Done. Traditional fantasy sports, when it was gambling, was not worthy of enforcement action. Finally, that thing about the State of New York having waited too long …
With respect to what the Defendant is saying isn't their laches or estoppel argument, a few more words. The Defendants want an allowance because they have been operating for a period of time. This sounds a lot like estoppel. Laches and estoppel do not apply to enforcement actions and with good reason, because every person or entity engaged in a legal or improper activity could use the duration of their criminal enterprise as a defense. And we cite cases regarding this in our brief. (emphasis added).
Done, done, and done.
Just one day before Thanksgiving, it seemed like the turkeys were not the only ones being cooked. Things were really not looking up for DFS.
December 3, 2015.
Somewhat surprisingly, the initial commentary by many lawyers did not touch on the ‘future contingent event’ language at all. Even the New York Attorney General himself didn’t really elaborate on it in his original cease-and-desist letter, perhaps as a matter of strategy. In addition, the term ‘future contingent event’ did not appear when DraftKings and FanDuel responded with lawsuits of their own, not even once.

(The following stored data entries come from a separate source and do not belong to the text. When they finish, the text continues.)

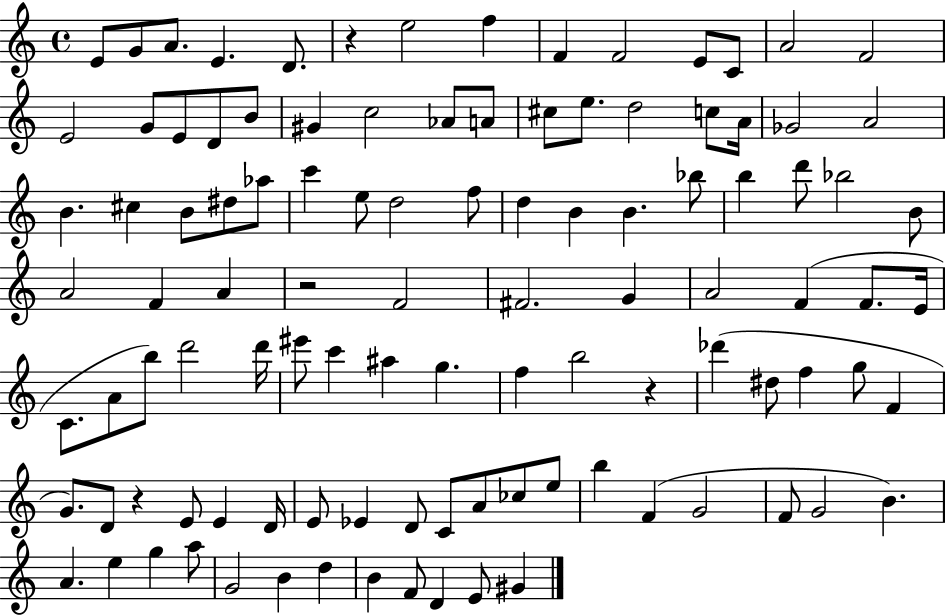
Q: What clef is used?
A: treble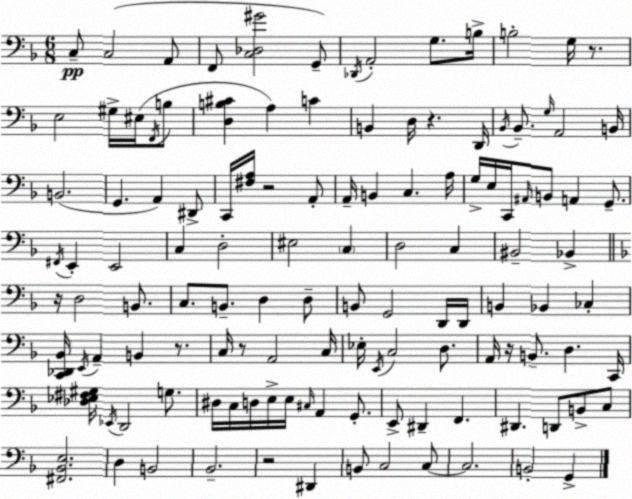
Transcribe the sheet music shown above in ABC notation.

X:1
T:Untitled
M:6/8
L:1/4
K:F
C,/2 C,2 A,,/2 F,,/2 [C,_D,^G]2 G,,/2 _D,,/4 A,,2 G,/2 B,/4 B,2 G,/4 z/2 E,2 ^G,/4 ^E,/4 F,,/4 B,/2 [D,B,^C] A, C B,, D,/4 z D,,/4 _B,,/4 _B,,/2 G,/4 A,,2 B,,/4 B,,2 G,, A,, ^D,,/2 C,,/4 [^F,A,]/4 z2 A,,/2 A,,/4 B,, C, A,/4 G,/4 E,/4 C,,/4 ^A,,/4 B,,/2 A,, G,,/2 ^F,,/4 E,, E,,2 C, D,2 ^E,2 C, D,2 C, ^B,,2 _B,, z/4 D,2 B,,/2 C,/2 B,,/2 D, D,/2 B,,/2 G,,2 D,,/4 D,,/4 B,, _B,, _C, [C,,_D,,_B,,]/4 E,,/4 A,, B,, z/2 C,/4 z/2 A,,2 C,/4 _E,/4 E,,/4 C,2 D,/2 A,,/4 z/4 B,,/2 D, C,,/4 [_D,_E,^F,^G,]/4 _E,,/4 D,,2 G,/2 ^D,/4 C,/4 D,/4 E,/4 E,/4 ^C,/4 A,, G,,/2 E,,/2 ^D,, F,, ^D,, D,,/2 B,,/2 C,/2 [^F,,_B,,E,]2 D, B,,2 _B,,2 z2 ^D,, B,,/2 C,2 C,/2 C,2 B,,2 G,,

But with the oral arguments just before Thanksgiving, we were beginning to see a shift in focus. As we covered in Part II, the future contingent event argument was now officially the State’s leading argument. Our amicus brief (PDF) explains why. DFS is not, and has never been a game. It is a claim on future contingent events, namely athlete performances; skill is entirely irrelevant.
In any event, the legal thinking was catching up to our position. Daniel Wallach published an article on Legal Sports Report and basically said what we said in our piece that was turned down by Legal Sports Report just 10 days ago. The title of his article: New York Daily Fantasy Sports Court Case May Hinge on Meaning Of ‘Future Contingent Event’.
December 11, 2015.
Decision time for the Supreme Court of the State of New York …

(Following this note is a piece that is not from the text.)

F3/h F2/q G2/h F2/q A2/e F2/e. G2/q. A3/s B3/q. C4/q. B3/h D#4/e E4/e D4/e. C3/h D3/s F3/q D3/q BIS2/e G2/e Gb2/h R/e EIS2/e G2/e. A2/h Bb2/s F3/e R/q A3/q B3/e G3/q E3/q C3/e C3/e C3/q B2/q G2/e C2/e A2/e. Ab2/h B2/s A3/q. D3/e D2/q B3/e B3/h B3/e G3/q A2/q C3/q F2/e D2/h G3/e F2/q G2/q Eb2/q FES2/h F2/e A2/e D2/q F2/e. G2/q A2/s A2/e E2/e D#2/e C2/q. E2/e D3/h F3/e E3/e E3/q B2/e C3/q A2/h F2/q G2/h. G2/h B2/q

Judge Mendez issued his opinion (PDF) and ordered an injunction. Barely two months have passed since the New York Times ran its bombshell article about the Haskell scandal, and DFS appeared to be packing up. Somehow, the DFS industry managed to secure a stay, however, so they were still in business while the case was being appealed. A showdown was coming, or so we thought.
It may not have been obvious at the time but there was one silver lining in the opinion for DFS. Despite the future contingent event argument being the State’s lead argument just a couple of weeks ago, that critical phrase was mentioned only once in the opinion, and that was when the Penal Law was presented. Whether it was the people protesting in front of Schneiderman’s office a month ago or the industry relentlessly advancing the game-of-skill narrative, the DFS industry appeared to have turned this whole debate into a false referendum between the game-of-skill and game-of-chance arguments. That, ultimately, is why White v. Cuomo happened in the first place.
Give credit to the DFS industry for tricking everybody into thinking DFS is a game. The result? We have been applying the wrong test to DFS all along. Everybody was taking the blue pill.
We all have to snap out of the illusion that DFS is a game in order to apply the laws properly.